I am specifically looking to optimize performance by updating and inserting data to a DeltaLake base table, with about 4 trillion records.
Environment:
- Spark 3.0.0
- DeltaLake 0.7.0
In context this is about making an incremental table via DeltaLake, I'll summarize this in steps to be more detailed:
- Creation of the base table (delta)
- Obtaining periodic data
- Add the data to the base table
Steps 1 and 2 have already been done, but when adding the data the performance is notoriously slow, for example adding a 9GB CSV takes about 6 hours, this mainly because delta needs to rewrite the data for each update, it also needs "read" all data from the database.

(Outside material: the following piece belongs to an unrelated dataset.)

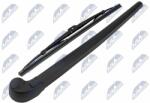 NTY brat stergator, parbriz NTY EWB-AU-006 (EWB-AU-006)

This table is also partitioned (PARTITIONED BY) and stored in the cluster's GDFS (HDFS) to ensure that the spark nodes can perform the operations.
The fields of the base table:
| Name | Type | Cardinality | Comment |
|---|---|---|---|
| ID | int |
10000 | Identifier |
| TYPE | string |
30 | |
| LOCAL_DATE | date |
Local date of the record | |
| DATE_UTC | date |
UTC date of registration | |
| VALUE | int |
Registry value | |
| YEAR | int |
4 | Calculated column |
| MONTH | int |
12 | Calculated column |
| DAY | int |
31 | Calculated column |
As the general search is by time, it was decided to partition by the LOCAL_DATE column in YEAR, MONTH, DAY, partitioning by the ID and LOCAL_DATE columns was ruled out due to its high level of cardinality, (which for performance purposes is worse), it was added finally TYPE, being as follows:
spark.sql(f"""
CREATE OR REPLACE TABLE {TABLE_NAME} (
ID INT,
FECHA_LOCAL TIMESTAMP,
FECHA_UTC TIMESTAMP,
TIPO STRING,
VALUE DOUBLE,
YEAR INT,
MONTH INT,
DAY INT )
USING DELTA
PARTITIONED BY (YEAR , MONTH , DAY, TIPO)
LOCATION '{location}'
""")
From now on, the incrementality is given by periodically adding these csv files of approximately 9GB every 5 days. Currently the MERGE operation is as follows:
spark.sql(f"""
MERGE INTO {BASE_TABLE_NAME}
USING {INCREMENTAL_TABLE_NAME} ON
--partitioned cols
{BASE_TABLE_NAME}.YEAR = {INCREMENTAL_TABLE_NAME}.YEAR AND
{BASE_TABLE_NAME}.MONTH = {INCREMENTAL_TABLE_NAME}.MONTH AND
{BASE_TABLE_NAME}.DAY = {INCREMENTAL_TABLE_NAME}.DAY AND
{BASE_TABLE_NAME}.TIPO = {INCREMENTAL_TABLE_NAME}.TIPO AND
{BASE_TABLE_NAME}.FECHA_LOCAL = {INCREMENTAL_TABLE_NAME}.FECHA_LOCAL AND
{BASE_TABLE_NAME}.ID = {INCREMENTAL_TABLE_NAME}.ID
WHEN MATCHED THEN UPDATE
SET {BASE_TABLE_NAME}.VALUE = {INCREMENTAL_TABLE_NAME}.VALUE,
{BASE_TABLE_NAME}.TIPO = {INCREMENTAL_TABLE_NAME}.TIPO
WHEN NOT MATCHED THEN INSERT *
""")
Some facts to consider:
- The time of this MERGE operation is 6 hours
- The base table was created from 230GB CSV data (55GB now in delta!)
- The spark application configuration is in cluster mode with the following parameters
- The infra consists of 3 nodes, 32 cores and 250GB RAM each, although it takes up less for security than the other existing applications approximately -50% of resources.
Spark app:
mode = 'spark://spark-master:7077'
# mode = 'local [*]'
spark = (
SparkSession.builder
.master(mode)
.appName("SparkApp")
.config('spark.cores.max', '45')
.config('spark.executor.cores', '5')
.config('spark.executor.memory', '11g')
.config('spark.driver.memory', '120g')
.config("spark.sql.shuffle.partitions", "200") # 200 only for 200GB delta table reads
.config("spark.storage.memoryFraction", "0.8")
# DeltaLake configs
.config("spark.jars.packages", "io.delta:delta-core_2.12:0.7.0")
.config("spark.sql.extensions", "io.delta.sql.DeltaSparkSessionExtension")
.config("spark.sql.catalog.spark_catalog", "org.apache.spark.sql.delta.catalog.DeltaCatalog")
# Delta optimization
.config("spark.databricks.delta.optimizeWrite.enabled", "true")
.config("spark.databricks.delta.retentionDurationCheck.enabled", "false")
.getOrCreate()
)